Cette simulation informatique qui carbure aux programmes d’intelligence artificielle se nourrit de toutes les données issues des observations océaniques satellitaires ou provenant de capteurs en mer, explique Ronan Fablet, enseignant à IMT Atlantique et chercheur en sciences du numérique au laboratoire Lab Sticc de Brest. Il est interrogé par Jeanne Richard, notre spécialiste environnement.

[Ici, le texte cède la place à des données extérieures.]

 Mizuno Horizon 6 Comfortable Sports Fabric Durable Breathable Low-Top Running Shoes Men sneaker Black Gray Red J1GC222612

« On peut observer les océans depuis l’espace, pour collecter des données, on déploie aussi des capteurs qui vont plonger dans l’océan puis remonter en délivrant un certain nombre de mesures, comme la température ou la salinité de l’eau, par exemple, ou encore la concentration en zooplancton ou en phytoplancton dans une zone. Ces informations seront ensuite transmises par satellite et intégrées dans la base de données du « jumeau numérique » », explique Ronan Fablet. « Si un chercheur s’intéresse au climat, ces mesures lui permettront d’évaluer l’élévation de la mer ou la progression de la température des océans, mais ce « jumeau numérique » se relève utile pour observer les activités des pêcheries en récupérant des données sur le nombre de navires, les tonnages de pêche ou encore les déplacements et les concentrations de bâtiments dans une zone précise pour étudier leur impact sur l’environnement maritime. »
Puis Ronan Fablet poursuit : « Cette multitude de données issue des différents systèmes d’observation nous permet actuellement de bien visualiser ce qui se passe à la surface des mers, en revanche, pour étudier les profondeurs du milieu océanique, nous manquons encore d’informations », dit-il. « Afin de compenser ce déficit de données d’observation, nous disposons de modèles mathématiques et de programmes d’intelligence artificielle. Et nous combinons les données d’observations avec ces modélisations mathématiques pour que le « jumeau numérique » puisse avoir des capacités de prévisions et de scénarisation sur l’évolution de l’océan. »
L’Espagne, l’Italie, la Norvège, le Portugal, le Royaume-Uni et la France s’étaient engagés à transformer la société Mercator Ocean International en une « organisation intergouvernementale en charge du premier océan numérique du monde ». Cette nouvelle structure est destinée aux chercheurs, aux industries de la mer, aux gouvernements, mais aussi aux associations et à l’ensemble de la société civile. Le jumeau numérique océanique offre ainsi un outil d’aide à la décision ouvert à tous les pays, pour trouver collectivement des solutions à la crise environnementale qui affecte notre planète bleue.